Как ни странно, подобное желание меня никогда не посещало. Я не жду, что мои животные расскажут о себе, и, придерживаясь скорее позиции Витгенштейна, сомневаюсь, что подобные сведения могут многое прояснить. При всем уважении к моим коллегам, я не уверен, что наш язык говорит о том, что происходит в наших головах. Меня окружают ученые, которые изучают представителей нашего собственного вида, снабжая их вопросниками. Они доверяют полученным ответам, утверждая, что у них есть способы проверки их достоверности. Но откуда нам известно, что люди говорят о себе именно то, что отражает их истинные чувства и побуждения?

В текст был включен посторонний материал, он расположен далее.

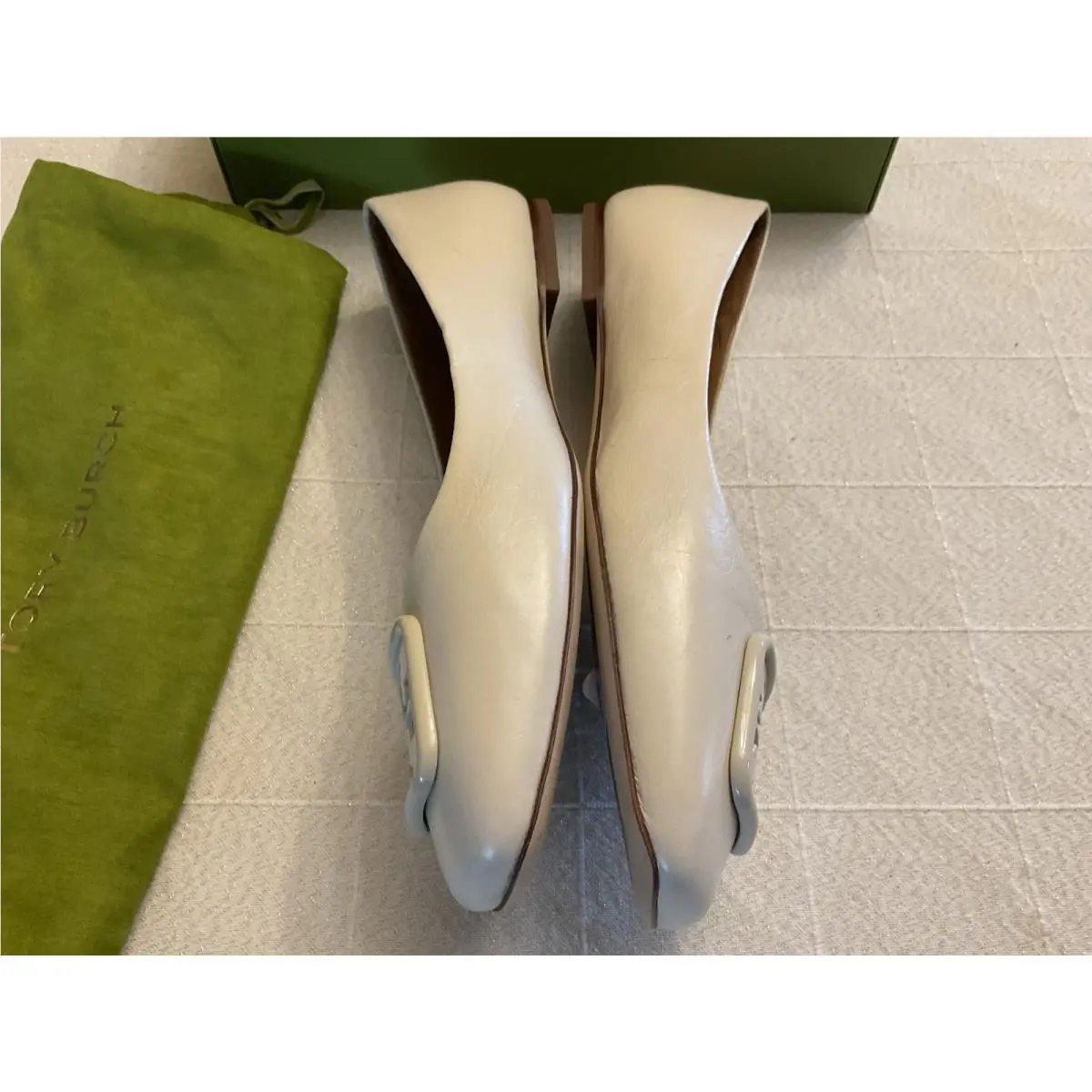 Tory Burch shoes - Georgia - Georgia - Cream 7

Это может быть верно по отношению к простым вещам, свободным от моральной оценки («Какую музыку вы любите?»). Однако практически бесполезно расспрашивать людей об их интимной жизни, предпочтениях в пище или отношении к окружающим («Вам нравится работать с таким-то?»). Очень просто придумать задним числом оправдания собственному поведению, промолчать о сексуальных привычках, преуменьшить излишества в пище и выпивке, представив себя в более выгодном свете, чем есть на самом деле. Никто не станет признаваться в садистских наклонностях, скупости или собственном ничтожестве. Люди постоянно лгут, так почему они должны перестать делать это в присутствии психолога, который записывает каждое их слово? В одном исследовании студентки колледжа упоминали о большем количестве сексуальных партнеров, когда их проверяли на детекторе лжи, чем без него, тем самым показывая, что раньше они говорили неправду. На самом деле я испытываю облегчение от работы с существами, не способными разговаривать. Мне не приходиться беспокоиться о том, правду они говорят или нет. Вместо того чтобы спрашивать, как часто они занимаются сексом, я просто подсчитываю количество подобных событий. Поэтому в общении с животными я вполне доволен своим положением наблюдателя.

Теперь, когда я размышляю об этом, мое недоверие к языку усиливается, потому что я также сомневаюсь в его роли в мыслительном процессе. Я не уверен, что думаю с помощью слов, и я никогда не слышал никакого внутреннего голоса. Однажды на конференции, посвященной когнитивной эволюции, мои сомнения вызывали некоторое взаимонепонимание с коллегами, которые ссылались на внутренний голос, подсказывавший им, что правильно, а что нет. Прошу прощения, сказал я, но я не слышу ничего подобного. Значит ли это, что я — человек без сознания или, следуя известному высказыванию о самой себе американского эксперта по животным Темпл Грэндин, думаю картинками? Более того, о каком языке идет речь? Притом что я говорю на двух языках дома и на третьем — на работе, мое мышление должно быть очень сумбурным. Однако до сих пор мне неизвестно никаких доказательств того, что язык служит основой мышления, кроме всеобщей в этом уверенности. В 1973 г. в своем послании к Американской философской ассоциации с говорящим названием «Бездумные твари» ее президент Норманн Малкольм заявил: «Между языком и мыслью существует тесная взаимосвязь, поэтому глупо предполагать, что люди могут не иметь мыслей, как и то, что животные способны мыслить».